● Problem description
Once the line holding "Happy young beautiful" is found in the entries below, transcribe exactly every line up to and including the one holding "Außenminister Johann Wadephul", but leave out the pictures.
═══ Entries provided ═══
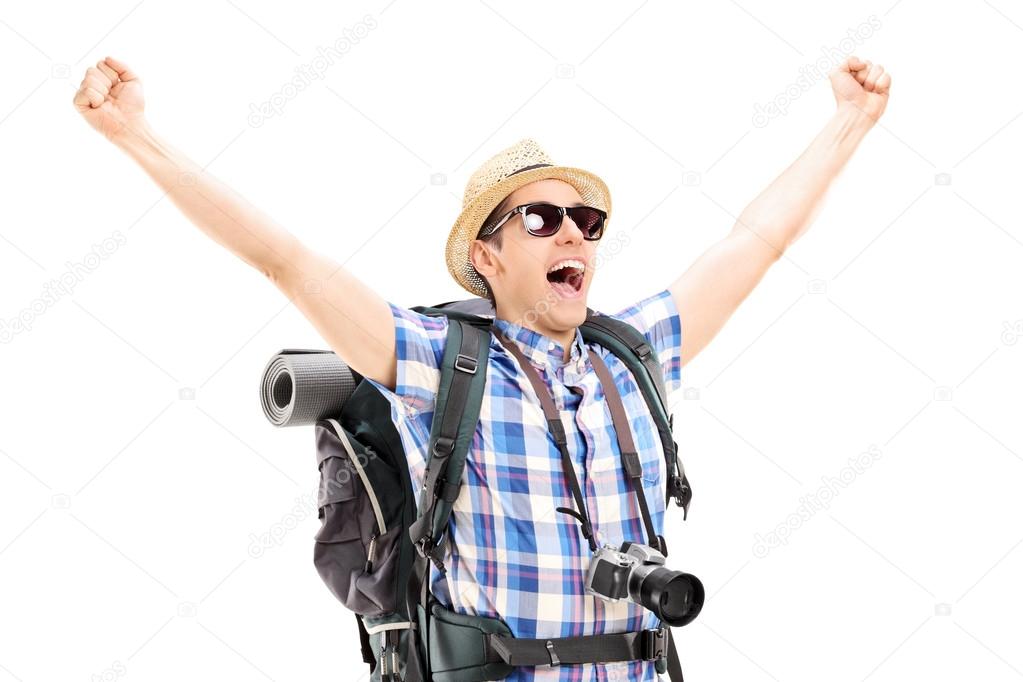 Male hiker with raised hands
═══
═══ Entries provided ═══
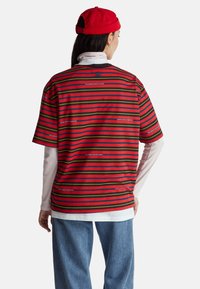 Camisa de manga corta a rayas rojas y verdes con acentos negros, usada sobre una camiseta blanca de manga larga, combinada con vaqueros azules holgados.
═══
═══ Entries provided ═══
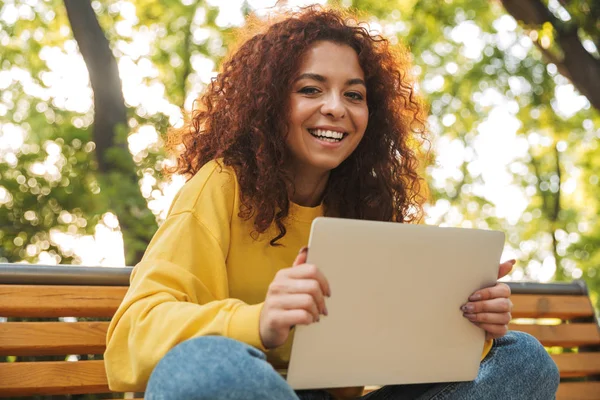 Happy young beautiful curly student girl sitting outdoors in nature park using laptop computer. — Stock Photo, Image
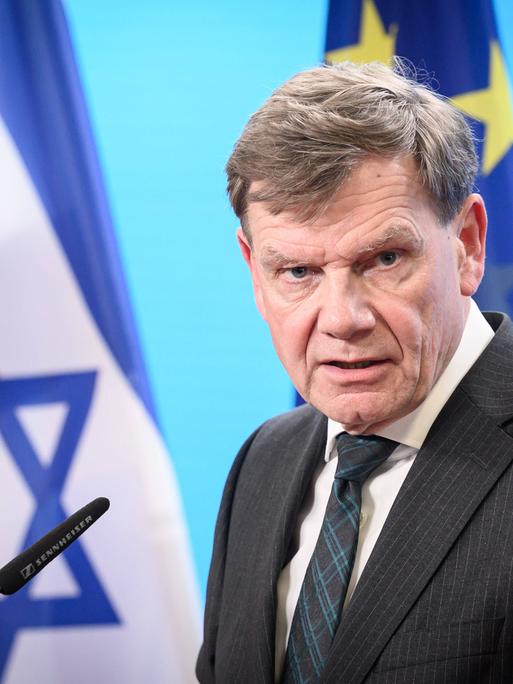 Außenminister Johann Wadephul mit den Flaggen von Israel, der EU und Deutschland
═══
● Reply to the exercise
 Happy young beautiful curly student girl sitting outdoors in nature park using laptop computer. — Stock Photo, Image
 Außenminister Johann Wadephul mit den Flaggen von Israel, der EU und Deutschland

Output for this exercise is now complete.